* _Brief_:
Can the lines below, from the one that holds "sale (Olympia, WA)" to the very end, be echoed exactly, with both ends included and no pictures?

* _Source data_:

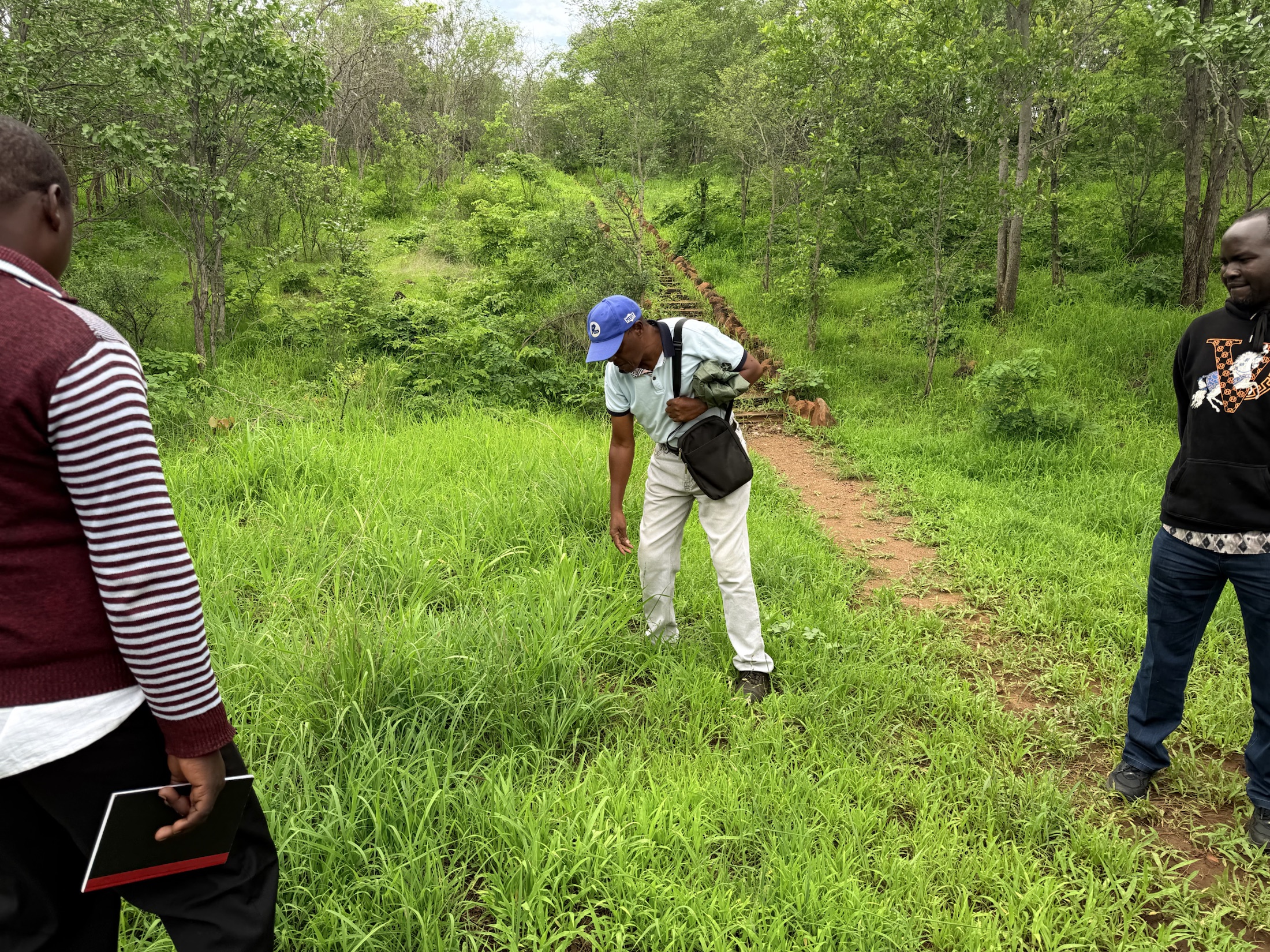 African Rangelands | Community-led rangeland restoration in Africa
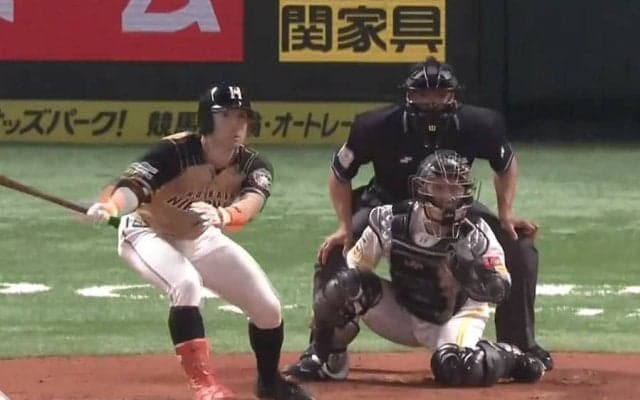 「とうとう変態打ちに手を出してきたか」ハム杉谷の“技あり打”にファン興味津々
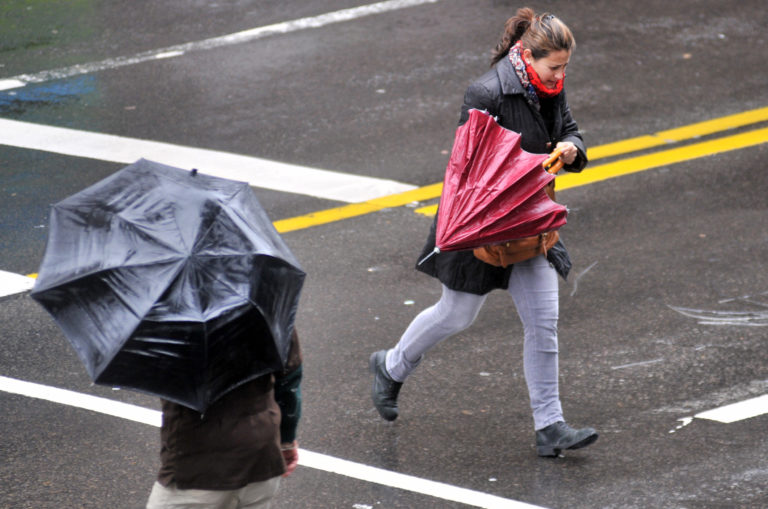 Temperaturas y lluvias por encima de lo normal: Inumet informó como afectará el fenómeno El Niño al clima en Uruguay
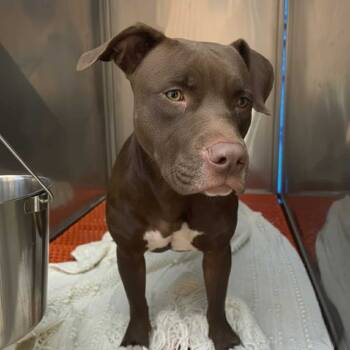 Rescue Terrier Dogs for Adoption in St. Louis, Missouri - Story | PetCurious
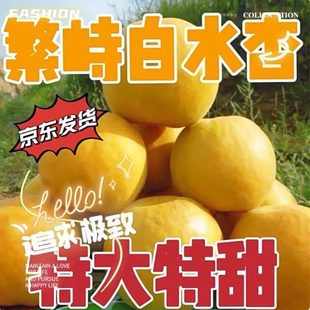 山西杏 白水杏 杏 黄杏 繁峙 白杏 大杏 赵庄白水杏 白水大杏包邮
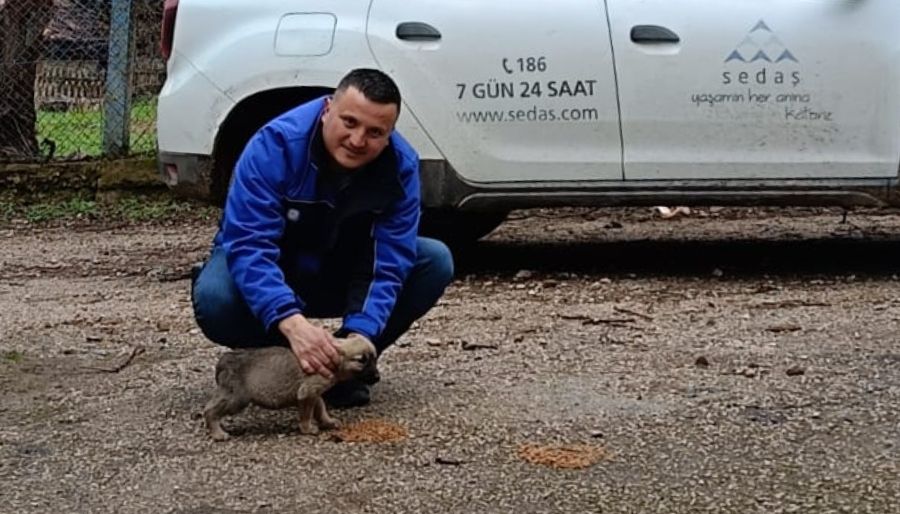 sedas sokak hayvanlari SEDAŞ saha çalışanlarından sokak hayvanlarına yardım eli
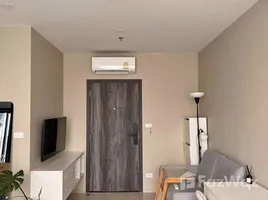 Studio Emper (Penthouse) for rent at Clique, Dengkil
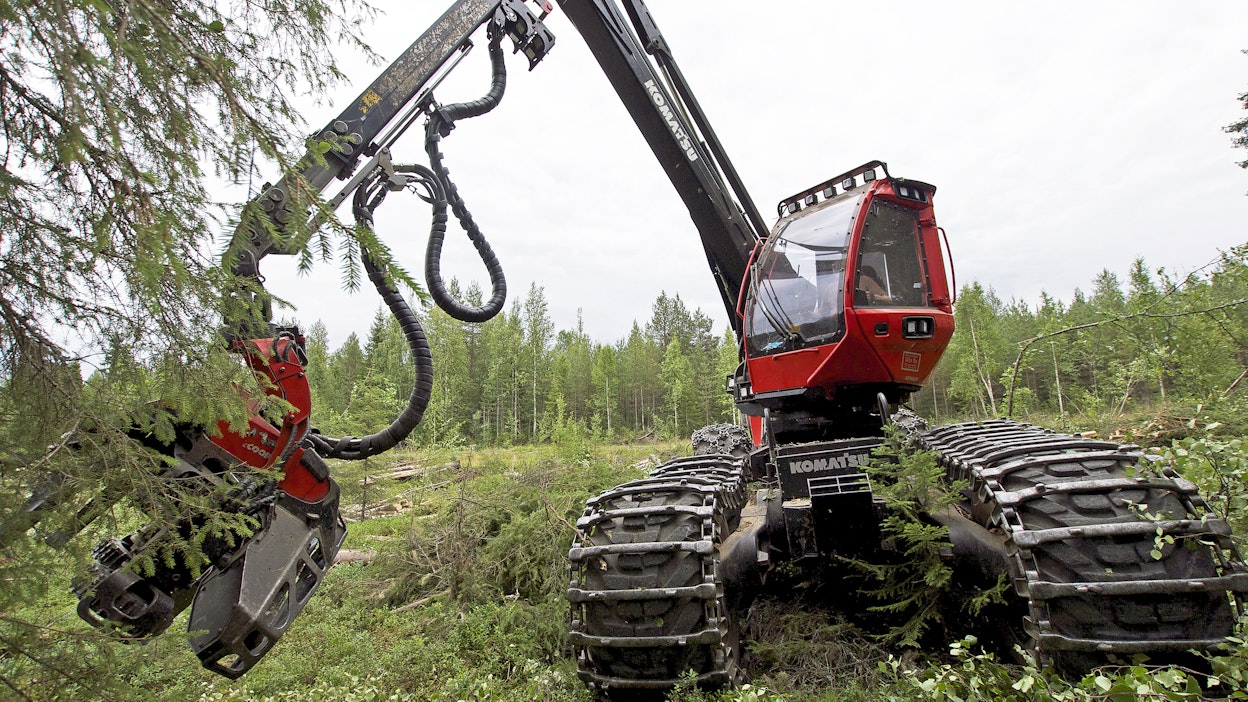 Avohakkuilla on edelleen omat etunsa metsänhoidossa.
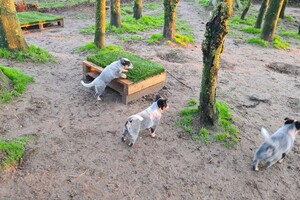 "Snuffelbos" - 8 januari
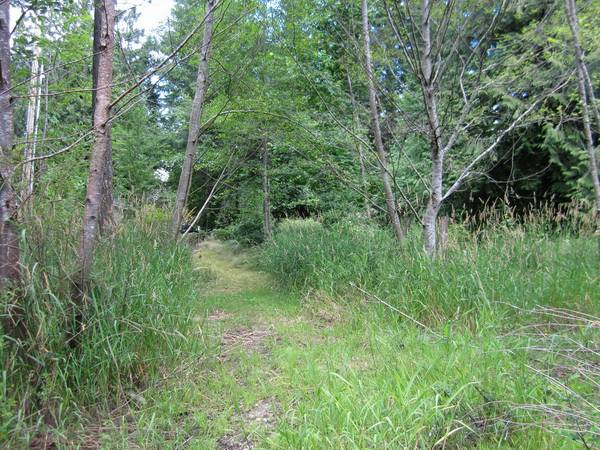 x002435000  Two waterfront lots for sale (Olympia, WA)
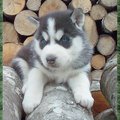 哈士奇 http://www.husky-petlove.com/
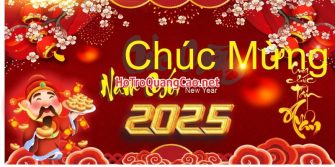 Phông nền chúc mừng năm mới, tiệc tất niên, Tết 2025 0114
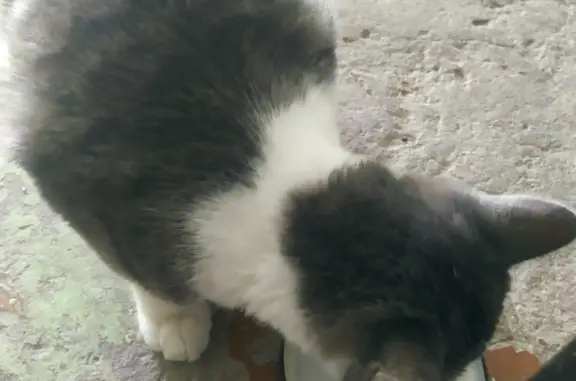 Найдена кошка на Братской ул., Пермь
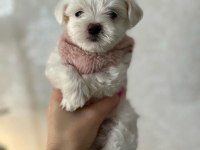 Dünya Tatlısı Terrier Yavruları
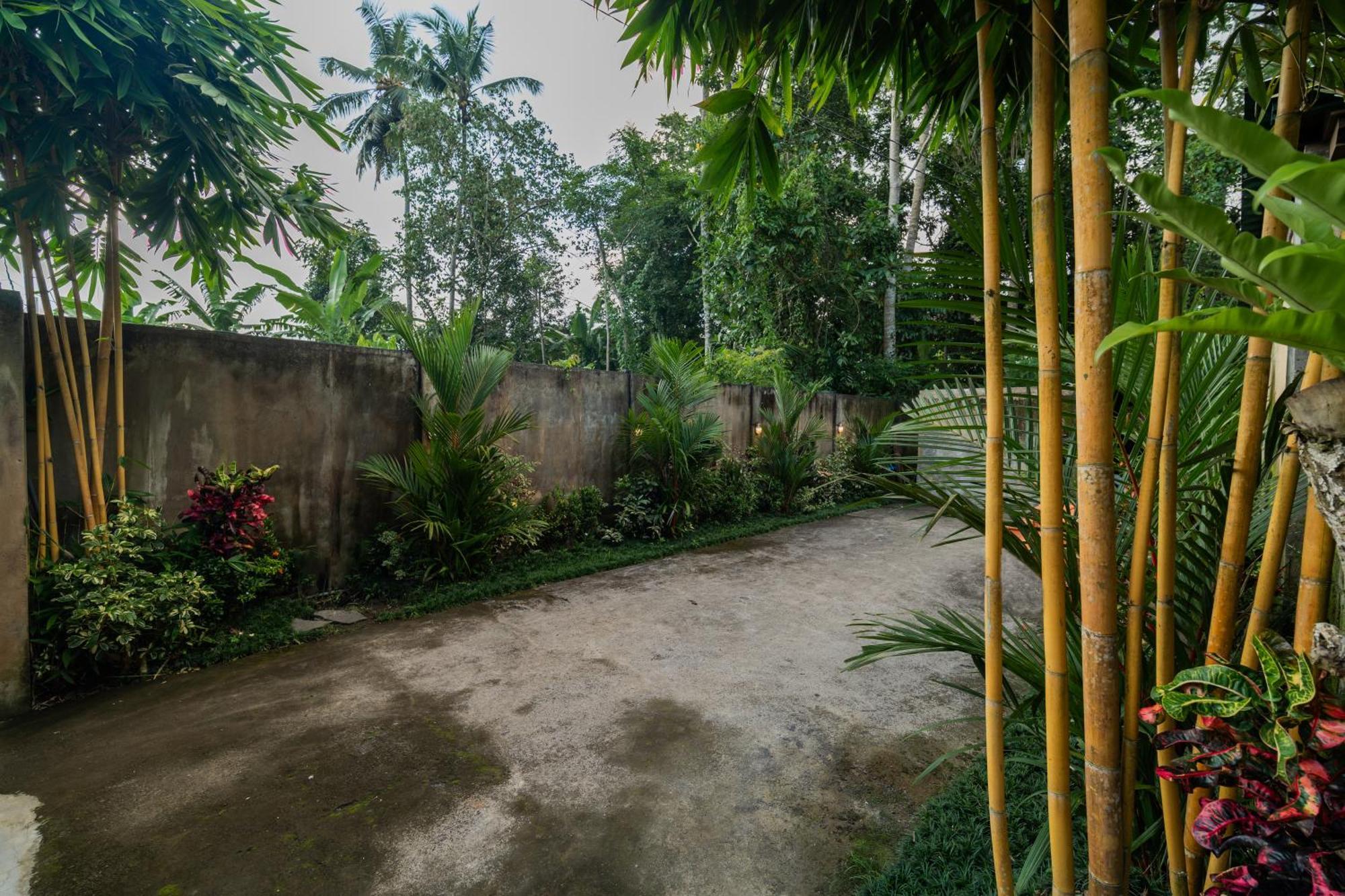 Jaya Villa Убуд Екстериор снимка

* _Output of the task_:
 x002435000  Two waterfront lots for sale (Olympia, WA)
 哈士奇 http://www.husky-petlove.com/
 Phông nền chúc mừng năm mới, tiệc tất niên, Tết 2025 0114
 Найдена кошка на Братской ул., Пермь
 Dünya Tatlısı Terrier Yavruları
 Jaya Villa Убуд Екстериор снимка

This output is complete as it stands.